I am currently working on Kaggle Deepfake Detection. The first part of the pipeline I am designing is to read video frames and extract faces. I tried several vanilla approaches for reading video frames such as using open-cv with and without threading. Later, I found Decord in this kernel which reads directly to GPU (5x faster than CPU) but seems to have memory leaks. I tried using the great library from @stas ipyexperiments for overcoming the leak but the problem seems to still persist.
Also, there is this issues
I am wondering if there are any suggestions on how to make it work.
Here is my kernel for reference. Ideally at test time we will process 4000 videos without any leak.
It’s a kernel only competition so 3x-5x gain is significant
Also looking into Nvidia DALI
DALI is more robust - not having any leaks but I am probably not able to use it in the most optimized way. Also there are some minor in detection.

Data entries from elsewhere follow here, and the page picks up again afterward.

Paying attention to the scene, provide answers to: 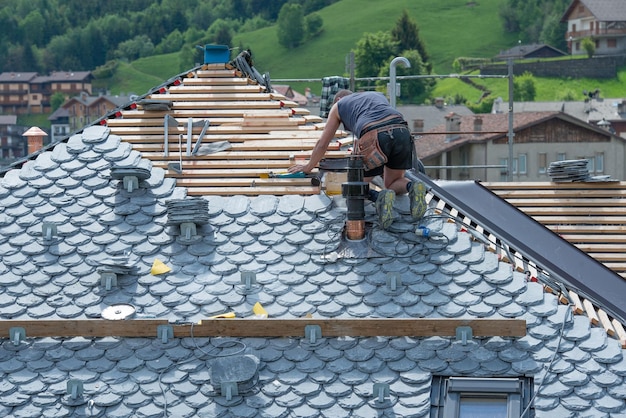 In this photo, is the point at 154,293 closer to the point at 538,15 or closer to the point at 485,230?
the point at 485,230

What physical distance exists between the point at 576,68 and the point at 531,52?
1444cm

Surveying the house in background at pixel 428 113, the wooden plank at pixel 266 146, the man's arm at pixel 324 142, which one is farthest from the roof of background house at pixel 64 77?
the man's arm at pixel 324 142

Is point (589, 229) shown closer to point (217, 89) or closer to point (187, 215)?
point (217, 89)

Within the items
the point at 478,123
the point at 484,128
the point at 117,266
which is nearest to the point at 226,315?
the point at 117,266

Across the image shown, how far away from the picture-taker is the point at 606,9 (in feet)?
558

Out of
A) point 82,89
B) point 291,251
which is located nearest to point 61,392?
point 291,251

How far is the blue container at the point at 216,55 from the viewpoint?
56.0 ft

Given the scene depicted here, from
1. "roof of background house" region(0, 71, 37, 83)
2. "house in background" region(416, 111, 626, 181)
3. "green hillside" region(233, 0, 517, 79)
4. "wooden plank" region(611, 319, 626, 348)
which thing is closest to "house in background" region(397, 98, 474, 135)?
"house in background" region(416, 111, 626, 181)

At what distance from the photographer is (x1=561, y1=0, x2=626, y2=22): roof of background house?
166 m

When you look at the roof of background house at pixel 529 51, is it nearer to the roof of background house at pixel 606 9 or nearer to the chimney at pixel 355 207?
the roof of background house at pixel 606 9

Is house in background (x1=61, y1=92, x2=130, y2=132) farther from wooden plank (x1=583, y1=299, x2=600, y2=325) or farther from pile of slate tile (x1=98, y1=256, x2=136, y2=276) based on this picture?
wooden plank (x1=583, y1=299, x2=600, y2=325)

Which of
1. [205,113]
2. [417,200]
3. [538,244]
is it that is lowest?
[538,244]

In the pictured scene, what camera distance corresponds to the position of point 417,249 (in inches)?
552

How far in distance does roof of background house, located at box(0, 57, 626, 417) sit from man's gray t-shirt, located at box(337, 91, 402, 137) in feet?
3.04
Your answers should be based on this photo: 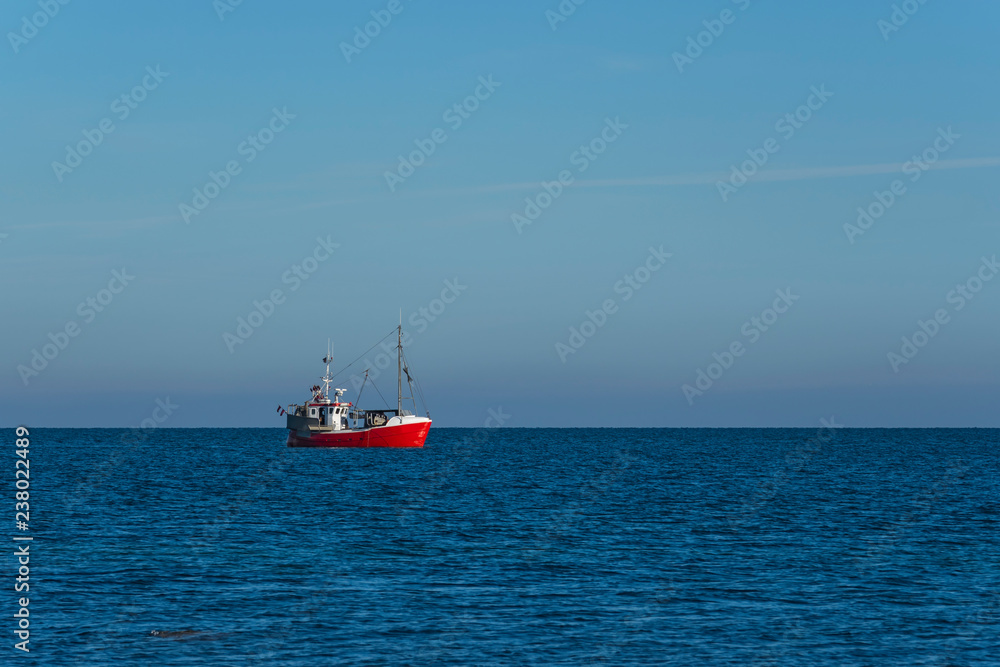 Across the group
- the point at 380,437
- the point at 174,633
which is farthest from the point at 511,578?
the point at 380,437

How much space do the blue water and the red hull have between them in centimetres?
5707

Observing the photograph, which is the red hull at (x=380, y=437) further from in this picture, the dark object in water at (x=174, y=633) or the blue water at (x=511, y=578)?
the dark object in water at (x=174, y=633)

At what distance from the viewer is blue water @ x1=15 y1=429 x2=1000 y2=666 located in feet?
98.9

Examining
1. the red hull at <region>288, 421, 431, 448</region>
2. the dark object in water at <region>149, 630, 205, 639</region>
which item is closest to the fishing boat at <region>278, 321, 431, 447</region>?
the red hull at <region>288, 421, 431, 448</region>

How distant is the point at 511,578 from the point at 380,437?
100m

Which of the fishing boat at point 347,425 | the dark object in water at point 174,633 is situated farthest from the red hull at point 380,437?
the dark object in water at point 174,633

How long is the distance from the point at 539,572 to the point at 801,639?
43.1ft

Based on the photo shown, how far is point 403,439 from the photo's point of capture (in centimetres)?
13962

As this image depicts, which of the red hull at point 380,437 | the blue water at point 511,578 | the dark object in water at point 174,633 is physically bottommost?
the dark object in water at point 174,633

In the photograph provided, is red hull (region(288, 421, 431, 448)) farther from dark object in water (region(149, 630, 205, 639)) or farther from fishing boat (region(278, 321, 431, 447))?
dark object in water (region(149, 630, 205, 639))

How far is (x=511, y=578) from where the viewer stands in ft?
133

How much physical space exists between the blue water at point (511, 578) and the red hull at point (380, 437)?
57.1 meters

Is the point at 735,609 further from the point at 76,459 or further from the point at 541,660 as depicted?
the point at 76,459

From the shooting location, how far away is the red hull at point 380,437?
13875cm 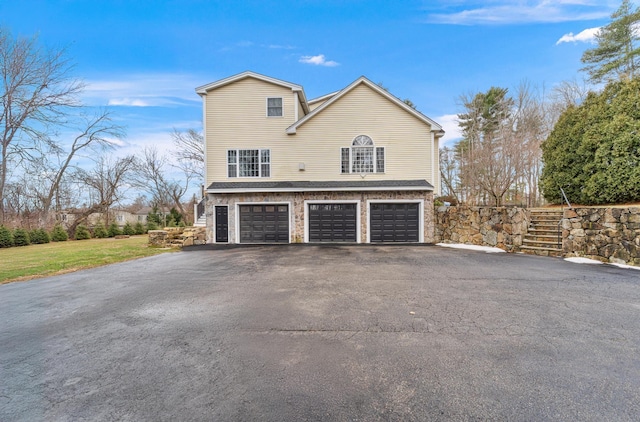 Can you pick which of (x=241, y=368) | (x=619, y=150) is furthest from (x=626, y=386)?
(x=619, y=150)


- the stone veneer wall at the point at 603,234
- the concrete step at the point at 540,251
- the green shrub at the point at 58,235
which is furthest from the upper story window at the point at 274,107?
the green shrub at the point at 58,235

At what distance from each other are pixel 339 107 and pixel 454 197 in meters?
Answer: 15.6

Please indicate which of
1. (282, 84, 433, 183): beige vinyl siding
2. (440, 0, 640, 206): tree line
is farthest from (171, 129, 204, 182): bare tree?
(440, 0, 640, 206): tree line

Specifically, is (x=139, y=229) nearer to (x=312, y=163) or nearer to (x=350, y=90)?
(x=312, y=163)

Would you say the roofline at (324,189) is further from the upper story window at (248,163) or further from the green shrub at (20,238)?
the green shrub at (20,238)

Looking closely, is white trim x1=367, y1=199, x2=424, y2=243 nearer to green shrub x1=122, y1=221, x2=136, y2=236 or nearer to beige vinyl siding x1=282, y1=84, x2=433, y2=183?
beige vinyl siding x1=282, y1=84, x2=433, y2=183

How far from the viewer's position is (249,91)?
14.2 meters

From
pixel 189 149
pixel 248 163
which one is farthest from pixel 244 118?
pixel 189 149

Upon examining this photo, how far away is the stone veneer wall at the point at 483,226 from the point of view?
10.6 m

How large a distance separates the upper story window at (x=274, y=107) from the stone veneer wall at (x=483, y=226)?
992cm

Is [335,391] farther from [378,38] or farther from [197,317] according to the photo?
[378,38]

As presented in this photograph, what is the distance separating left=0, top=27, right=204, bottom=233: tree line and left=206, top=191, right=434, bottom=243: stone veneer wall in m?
15.7

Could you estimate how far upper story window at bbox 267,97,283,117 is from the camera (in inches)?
562

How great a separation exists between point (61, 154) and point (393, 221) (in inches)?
1016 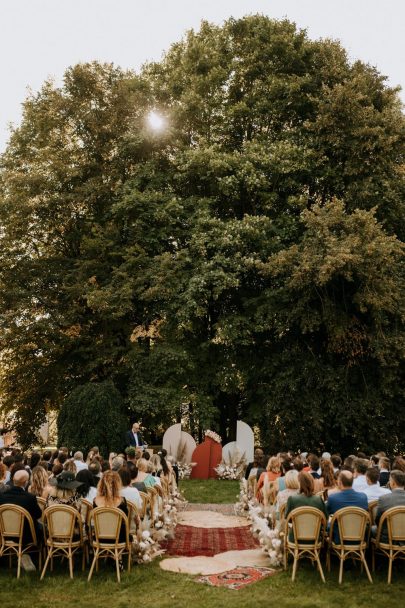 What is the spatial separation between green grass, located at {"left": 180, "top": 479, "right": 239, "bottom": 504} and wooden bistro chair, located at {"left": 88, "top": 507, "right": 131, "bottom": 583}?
305 inches

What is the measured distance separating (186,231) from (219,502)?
11260 millimetres

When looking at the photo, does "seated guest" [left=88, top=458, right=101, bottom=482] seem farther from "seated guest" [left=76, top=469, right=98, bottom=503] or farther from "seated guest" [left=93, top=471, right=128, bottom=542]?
"seated guest" [left=93, top=471, right=128, bottom=542]

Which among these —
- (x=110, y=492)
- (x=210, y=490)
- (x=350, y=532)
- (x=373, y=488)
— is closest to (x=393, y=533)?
(x=350, y=532)

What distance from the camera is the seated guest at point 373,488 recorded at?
9.60 metres

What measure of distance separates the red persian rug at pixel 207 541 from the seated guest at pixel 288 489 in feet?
5.58

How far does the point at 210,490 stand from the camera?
18156mm

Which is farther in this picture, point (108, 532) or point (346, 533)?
point (108, 532)

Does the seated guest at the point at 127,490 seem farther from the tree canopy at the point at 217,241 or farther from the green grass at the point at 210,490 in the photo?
the tree canopy at the point at 217,241

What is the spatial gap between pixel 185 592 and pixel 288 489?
234cm

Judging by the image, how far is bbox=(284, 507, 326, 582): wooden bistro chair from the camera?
8.64 m

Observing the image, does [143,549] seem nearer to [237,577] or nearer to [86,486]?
[86,486]

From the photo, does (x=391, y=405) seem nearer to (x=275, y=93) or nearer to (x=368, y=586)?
(x=275, y=93)

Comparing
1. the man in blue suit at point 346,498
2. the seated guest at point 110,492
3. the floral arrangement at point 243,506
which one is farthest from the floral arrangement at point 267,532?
the seated guest at point 110,492

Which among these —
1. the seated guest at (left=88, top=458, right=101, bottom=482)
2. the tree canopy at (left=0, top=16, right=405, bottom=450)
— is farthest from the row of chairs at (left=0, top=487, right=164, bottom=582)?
the tree canopy at (left=0, top=16, right=405, bottom=450) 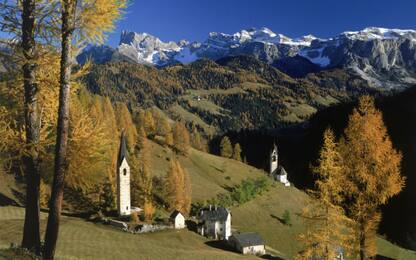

Thanks for sharing! I’m working on that comp too atm and video loading has been a pain! Currently still using the cv2 approach you mentioned, might have a look at DALI now
I’ve been using the detector at https://github.com/timesler/facenet-pytorch which seems pretty quick, for sure compared to what I was using before. There’s a good notebook on its use at https://www.kaggle.com/timesler/guide-to-mtcnn-in-facenet-pytorch.
Late on the party.
I use BlazeFace. To save images, I used
torchvision.transforms.ToPILImage pipeline, and for inference I use
I saw somewhere a comparison of OpenCV, Dali and Decord, and the first was the most robust for errors.